The quickest way to find dead code is to use a good IDE. Delete unused code and unneeded files. In the case of an unnecessary class, Inline Class or Collapse Hierarchy can be applied if a subclass or superclass is used. To remove unneeded parameters, use Remove Parameter.
If you're working with Visual Basic (or VB.NET or VBA), you can use our Project Analyzer to detect and even remove dead code. Project Analyzer shows how much dead and semi-dead code there is and where.
Dead code analysis can be performed using live-variable analysis, a form of static-code analysis and data-flow analysis. This is in contrast to unreachable code analysis which is based on control-flow analysis.
Eclipse compiler for Java (ECJ) is open source incremented compiler. We reform features of ECJ, related to optimization technique called as dead code detection and elimination. ECJ identifies the dead code. We are extending this compiler to eliminate the dead code.
The dead code problem is related to the Halting problem.
Alan Turing proved that it is impossible to write a general algorithm that will be given a program and be able to decide whether that program halts for all inputs. You may be able to write such an algorithm for specific types of programs, but not for all programs.
How does this relate to dead code?
The Halting problem is reducible to the problem of finding dead code. That is, if you find an algorithm that can detect dead code in any program, then you can use that algorithm to test whether any program will halt. Since that has been proven to be impossible, it follows that writing an algorithm for dead code is impossible as well.
How do you transfer an algorithm for dead code into an algorithm for the Halting problem?
Simple: you add a line of code after the end of the program you want to check for halt. If your dead-code detector detects that this line is dead, then you know that the program does not halt. If it doesn't, then you know that your program halts (gets to the last line, and then to your added line of code).
Compilers usually check for things that can be proven at compile-time to be dead. For example, blocks that are dependent on conditions that can be determined to be false at compile time. Or any statement after a return
(within the same scope).
These are specific cases, and therefore it's possible to write an algorithm for them. It may be possible to write algorithms for more complicated cases (like an algorithm that checks whether a condition is syntactically a contradiction and therefore will always return false), but still, that wouldn't cover all possible cases.
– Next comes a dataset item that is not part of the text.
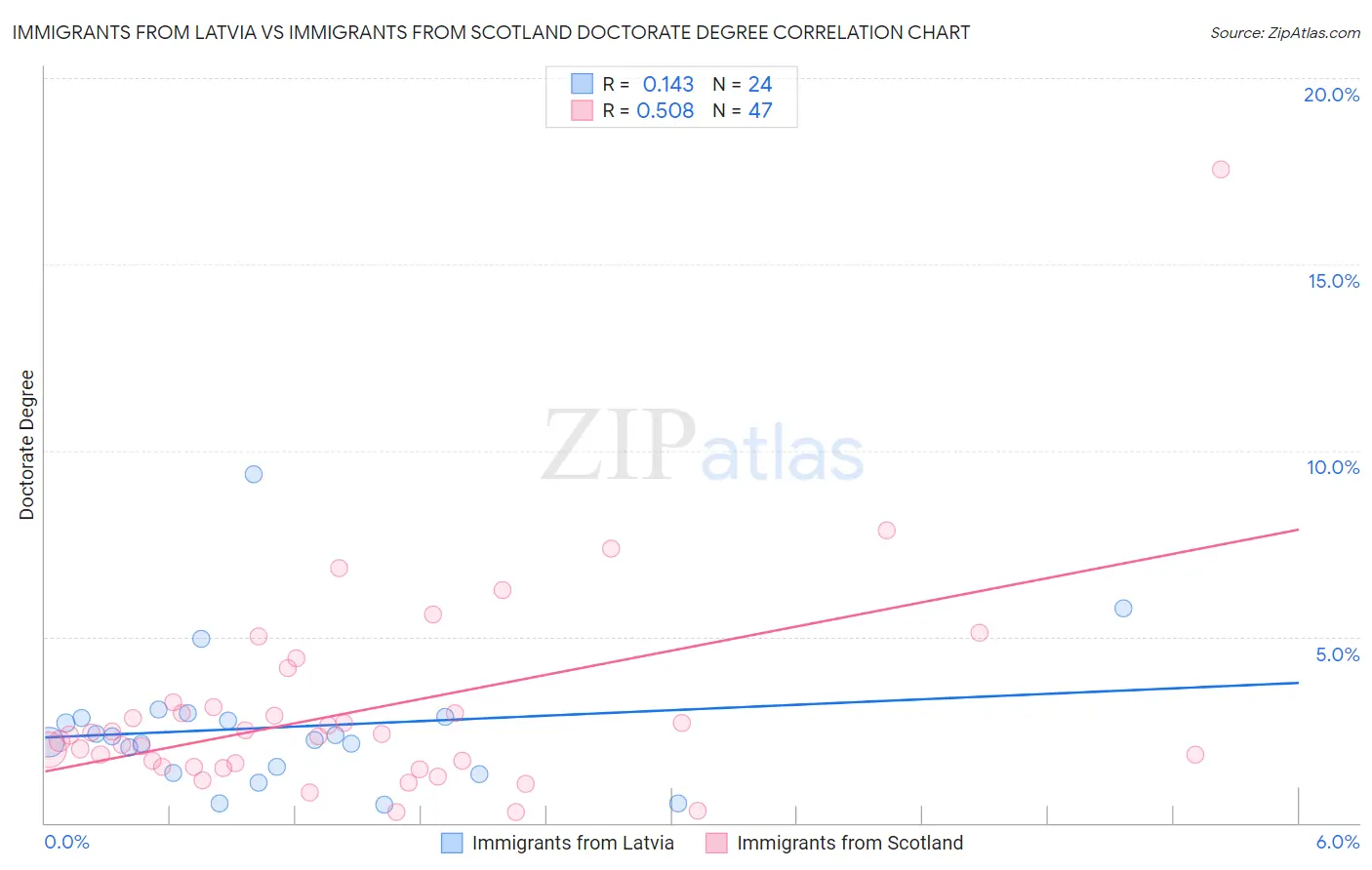 Immigrants from Latvia vs Immigrants from Scotland Doctorate Degree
Well, let's take the classical proof of the undecidability of the halting problem and change the halting-detector to a dead-code detector!
C# program
using System;
using YourVendor.Compiler;
class Program
{
static void Main(string[] args)
{
string quine_text = @"using System;
using YourVendor.Compiler;
class Program
{{
static void Main(string[] args)
{{
string quine_text = @{0}{1}{0};
quine_text = string.Format(quine_text, (char)34, quine_text);
if (YourVendor.Compiler.HasDeadCode(quine_text))
{{
System.Console.WriteLine({0}Dead code!{0});
}}
}}
}}";
quine_text = string.Format(quine_text, (char)34, quine_text);
if (YourVendor.Compiler.HasDeadCode(quine_text))
{
System.Console.WriteLine("Dead code!");
}
}
}
If YourVendor.Compiler.HasDeadCode(quine_text)
returns false
, then the line System.Console.WriteLn("Dead code!");
won't be ever executed, so this program actually does have dead code, and the detector was wrong.
But if it returns true
, then the line System.Console.WriteLn("Dead code!");
will be executed, and since there is no more code in the program, there is no dead code at all, so again, the detector was wrong.
So there you have it, a dead-code detector that returns only "There is dead code" or "There is no dead code" must sometimes yield wrong answers.
If the halting problem is too obscure, think of it this way.
Take a mathematical problem that is believed to be true for all positive integer's n, but hasn't been proven to be true for every n. A good example would be Goldbach's conjecture, that any positive even integer greater than two can be represented by the sum of two primes. Then (with an appropriate bigint library) run this program (pseudocode follows):
for (BigInt n = 4; ; n+=2) {
if (!isGoldbachsConjectureTrueFor(n)) {
print("Conjecture is false for at least one value of n\n");
exit(0);
}
}
Implementation of isGoldbachsConjectureTrueFor()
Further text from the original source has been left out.